DATA LISTING below:

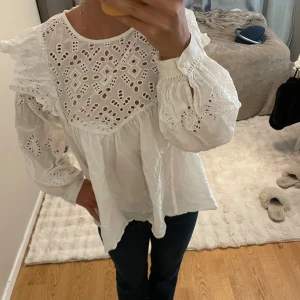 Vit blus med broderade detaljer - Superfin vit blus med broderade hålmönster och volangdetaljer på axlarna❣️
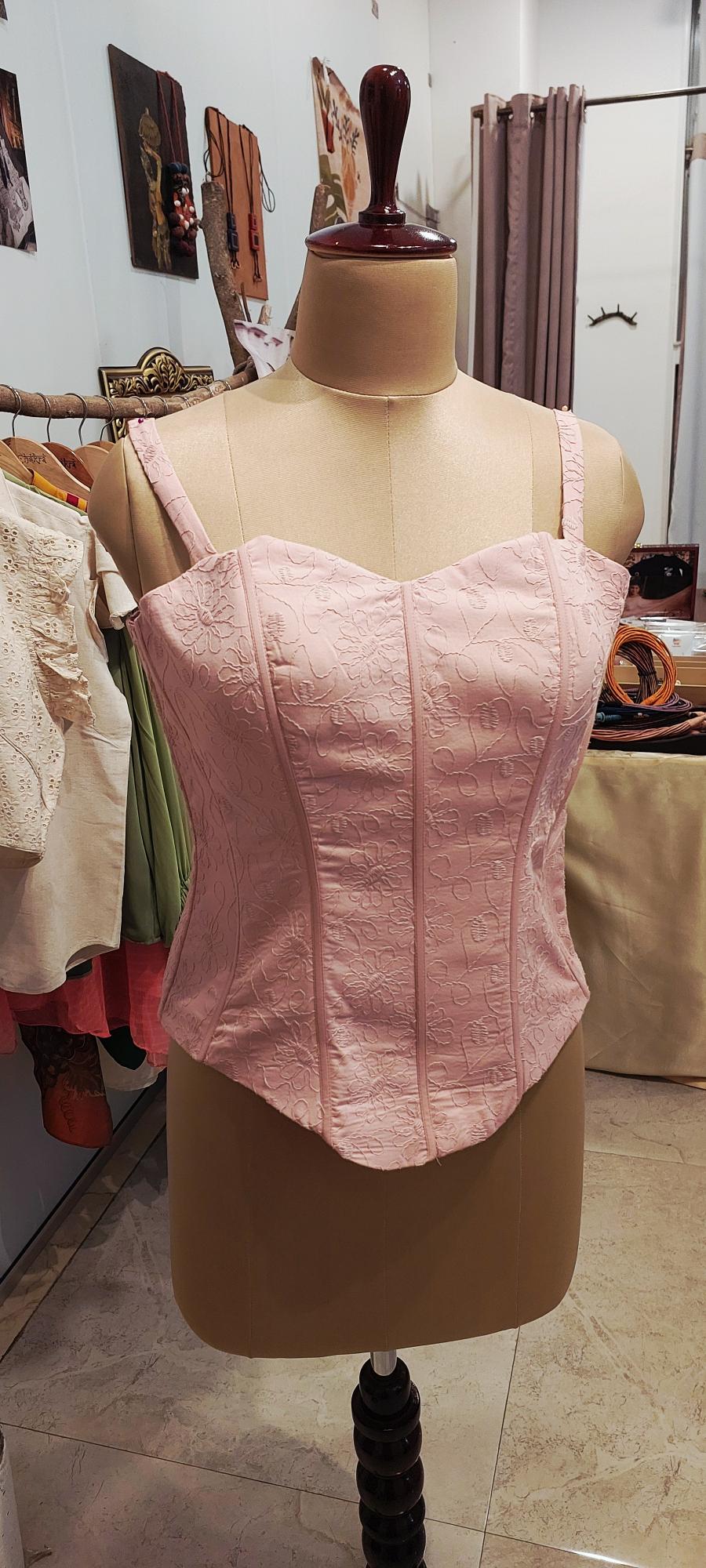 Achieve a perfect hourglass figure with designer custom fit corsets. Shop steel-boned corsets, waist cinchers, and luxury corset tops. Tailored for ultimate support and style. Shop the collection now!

End of DATA LISTING.
DATA LISTING below:

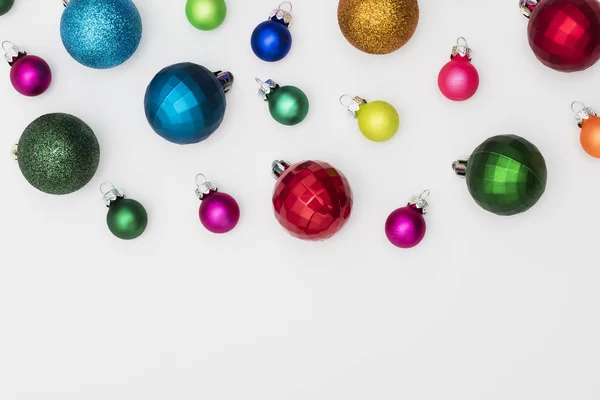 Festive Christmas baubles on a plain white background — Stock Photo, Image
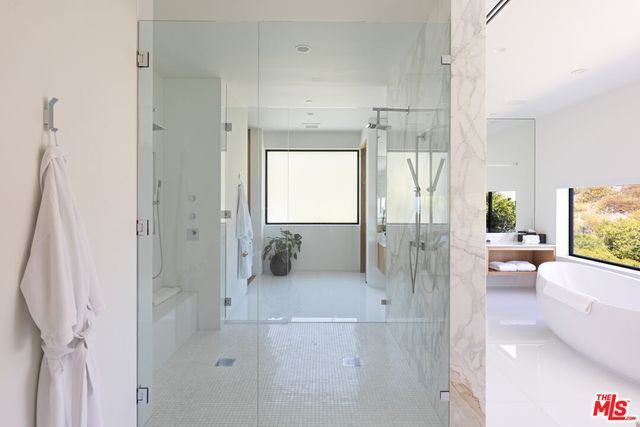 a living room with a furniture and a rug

End of DATA LISTING.
DATA LISTING below:

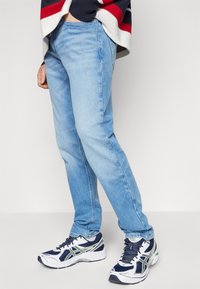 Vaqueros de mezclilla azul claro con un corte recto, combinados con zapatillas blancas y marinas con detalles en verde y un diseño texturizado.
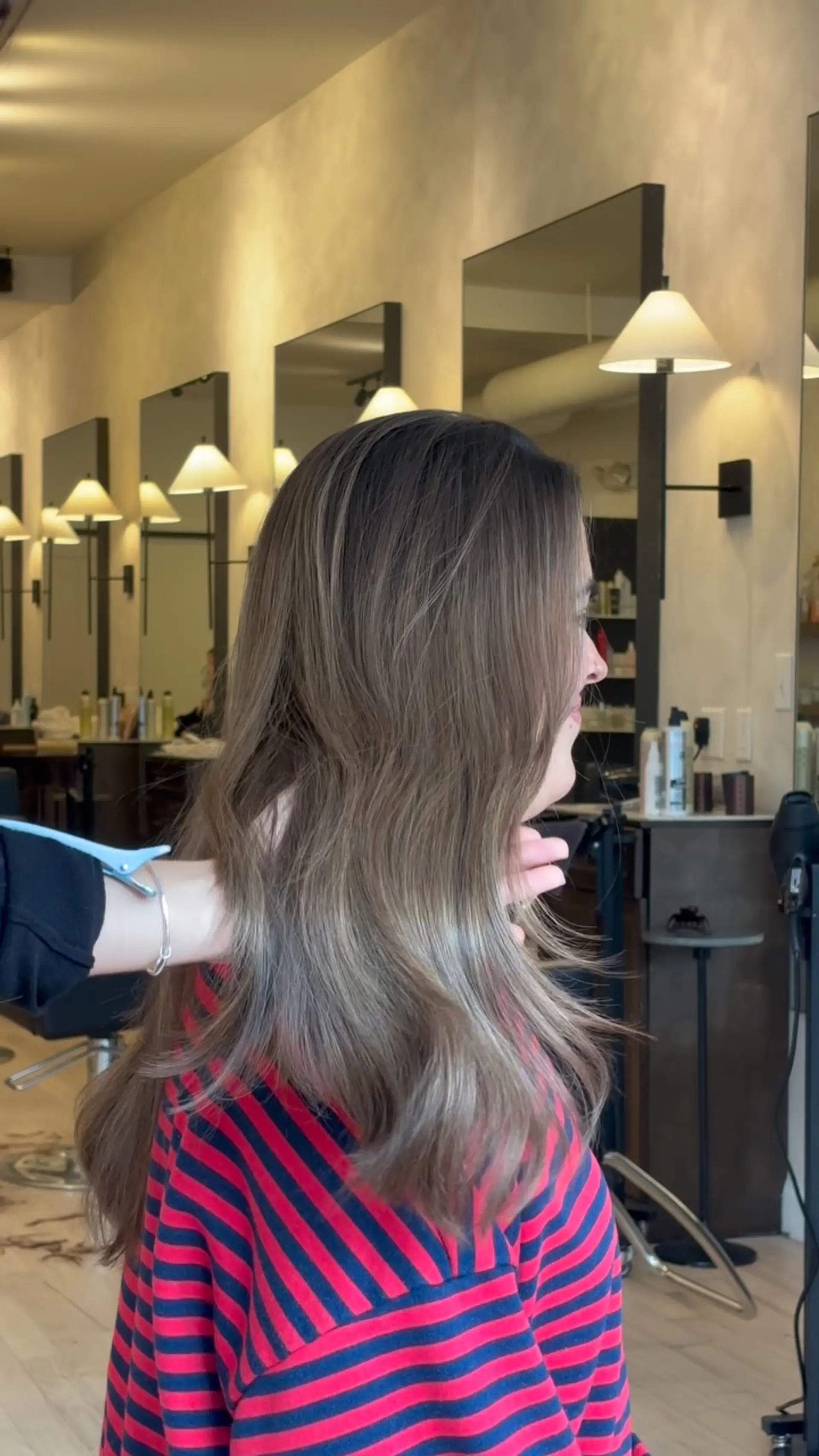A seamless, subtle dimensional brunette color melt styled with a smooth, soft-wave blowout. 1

End of DATA LISTING.

■ **TO DO**
After locating the line containing "Festive Christmas baubles" in the entries above, return it and every line after it exactly, ending at the line containing "a living room with a furniture and a rug", without pictures.

■ **ANSWER TO THIS EXERCISE**
 Festive Christmas baubles on a plain white background — Stock Photo, Image
 a living room with a furniture and a rug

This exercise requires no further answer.